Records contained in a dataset
==*==

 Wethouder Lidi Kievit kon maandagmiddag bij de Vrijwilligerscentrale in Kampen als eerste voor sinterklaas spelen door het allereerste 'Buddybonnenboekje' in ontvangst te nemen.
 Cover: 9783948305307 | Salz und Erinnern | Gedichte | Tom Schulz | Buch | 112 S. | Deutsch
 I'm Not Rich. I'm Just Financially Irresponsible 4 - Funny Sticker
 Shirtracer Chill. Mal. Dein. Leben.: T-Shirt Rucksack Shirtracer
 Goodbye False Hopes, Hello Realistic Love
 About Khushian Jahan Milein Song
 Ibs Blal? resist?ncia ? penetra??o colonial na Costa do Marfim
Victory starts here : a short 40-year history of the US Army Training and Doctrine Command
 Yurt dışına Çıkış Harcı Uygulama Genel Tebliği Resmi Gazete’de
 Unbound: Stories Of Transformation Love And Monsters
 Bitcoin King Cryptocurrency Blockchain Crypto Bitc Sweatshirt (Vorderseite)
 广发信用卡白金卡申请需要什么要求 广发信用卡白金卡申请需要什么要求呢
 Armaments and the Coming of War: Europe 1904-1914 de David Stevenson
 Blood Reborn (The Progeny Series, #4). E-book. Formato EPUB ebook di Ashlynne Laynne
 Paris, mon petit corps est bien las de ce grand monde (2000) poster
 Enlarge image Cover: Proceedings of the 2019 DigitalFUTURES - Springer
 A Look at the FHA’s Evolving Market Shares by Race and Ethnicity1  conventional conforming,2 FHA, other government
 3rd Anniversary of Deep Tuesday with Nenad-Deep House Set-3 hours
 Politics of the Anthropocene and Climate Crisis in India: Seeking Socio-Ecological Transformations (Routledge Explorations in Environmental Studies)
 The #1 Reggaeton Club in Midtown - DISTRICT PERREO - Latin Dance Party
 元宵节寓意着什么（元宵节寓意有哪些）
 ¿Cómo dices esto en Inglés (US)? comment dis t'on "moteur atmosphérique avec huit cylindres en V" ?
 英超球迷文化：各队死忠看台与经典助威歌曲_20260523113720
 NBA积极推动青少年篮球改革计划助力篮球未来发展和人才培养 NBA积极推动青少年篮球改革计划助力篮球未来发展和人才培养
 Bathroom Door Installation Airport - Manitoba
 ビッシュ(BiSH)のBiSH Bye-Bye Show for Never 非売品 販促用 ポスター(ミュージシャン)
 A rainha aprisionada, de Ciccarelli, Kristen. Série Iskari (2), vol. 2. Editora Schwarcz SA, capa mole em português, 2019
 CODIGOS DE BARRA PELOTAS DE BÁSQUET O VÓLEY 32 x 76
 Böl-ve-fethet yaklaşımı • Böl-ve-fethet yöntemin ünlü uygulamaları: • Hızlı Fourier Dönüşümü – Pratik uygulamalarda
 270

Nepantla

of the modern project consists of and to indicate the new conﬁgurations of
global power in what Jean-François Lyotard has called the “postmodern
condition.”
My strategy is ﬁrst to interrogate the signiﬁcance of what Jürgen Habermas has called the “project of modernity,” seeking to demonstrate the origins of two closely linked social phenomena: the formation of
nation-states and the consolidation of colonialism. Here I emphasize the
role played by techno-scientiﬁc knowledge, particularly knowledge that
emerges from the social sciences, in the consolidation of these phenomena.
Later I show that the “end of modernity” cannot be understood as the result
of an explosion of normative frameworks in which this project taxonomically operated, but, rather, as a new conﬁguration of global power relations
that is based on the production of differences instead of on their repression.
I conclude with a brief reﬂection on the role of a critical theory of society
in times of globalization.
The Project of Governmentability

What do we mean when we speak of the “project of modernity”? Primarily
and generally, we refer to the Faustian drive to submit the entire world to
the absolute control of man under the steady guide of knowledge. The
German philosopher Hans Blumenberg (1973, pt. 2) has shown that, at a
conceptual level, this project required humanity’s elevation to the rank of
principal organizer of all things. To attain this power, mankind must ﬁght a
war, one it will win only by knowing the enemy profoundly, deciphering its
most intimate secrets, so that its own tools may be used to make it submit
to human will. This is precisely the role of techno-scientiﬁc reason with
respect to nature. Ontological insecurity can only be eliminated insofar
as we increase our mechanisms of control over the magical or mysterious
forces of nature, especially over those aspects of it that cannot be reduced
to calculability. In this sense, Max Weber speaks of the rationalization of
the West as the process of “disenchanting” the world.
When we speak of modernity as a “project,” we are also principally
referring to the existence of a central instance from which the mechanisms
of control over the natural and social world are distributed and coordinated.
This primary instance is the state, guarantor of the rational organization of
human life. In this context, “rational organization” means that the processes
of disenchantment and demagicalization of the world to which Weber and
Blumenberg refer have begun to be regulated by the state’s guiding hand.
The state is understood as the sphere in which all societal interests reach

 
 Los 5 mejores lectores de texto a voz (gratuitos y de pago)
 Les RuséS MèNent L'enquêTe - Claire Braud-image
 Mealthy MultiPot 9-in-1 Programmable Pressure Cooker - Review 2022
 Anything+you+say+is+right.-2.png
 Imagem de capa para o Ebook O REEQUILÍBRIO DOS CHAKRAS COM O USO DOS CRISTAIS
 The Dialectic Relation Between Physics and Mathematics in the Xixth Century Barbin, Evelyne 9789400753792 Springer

==*==

Work instruction: All that is wanted is an exact copy of the lines above from the one with "nation-states and the" through the one with "the West as", with both ends included.

Written response:
nation-states and the consolidation of colonialism. Here I emphasize the
role played by techno-scientiﬁc knowledge, particularly knowledge that
emerges from the social sciences, in the consolidation of these phenomena.
Later I show that the “end of modernity” cannot be understood as the result
of an explosion of normative frameworks in which this project taxonomically operated, but, rather, as a new conﬁguration of global power relations
that is based on the production of differences instead of on their repression.
I conclude with a brief reﬂection on the role of a critical theory of society
in times of globalization.
The Project of Governmentability

What do we mean when we speak of the “project of modernity”? Primarily
and generally, we refer to the Faustian drive to submit the entire world to
the absolute control of man under the steady guide of knowledge. The
German philosopher Hans Blumenberg (1973, pt. 2) has shown that, at a
conceptual level, this project required humanity’s elevation to the rank of
principal organizer of all things. To attain this power, mankind must ﬁght a
war, one it will win only by knowing the enemy profoundly, deciphering its
most intimate secrets, so that its own tools may be used to make it submit
to human will. This is precisely the role of techno-scientiﬁc reason with
respect to nature. Ontological insecurity can only be eliminated insofar
as we increase our mechanisms of control over the magical or mysterious
forces of nature, especially over those aspects of it that cannot be reduced
to calculability. In this sense, Max Weber speaks of the rationalization of
the West as the process of “disenchanting” the world.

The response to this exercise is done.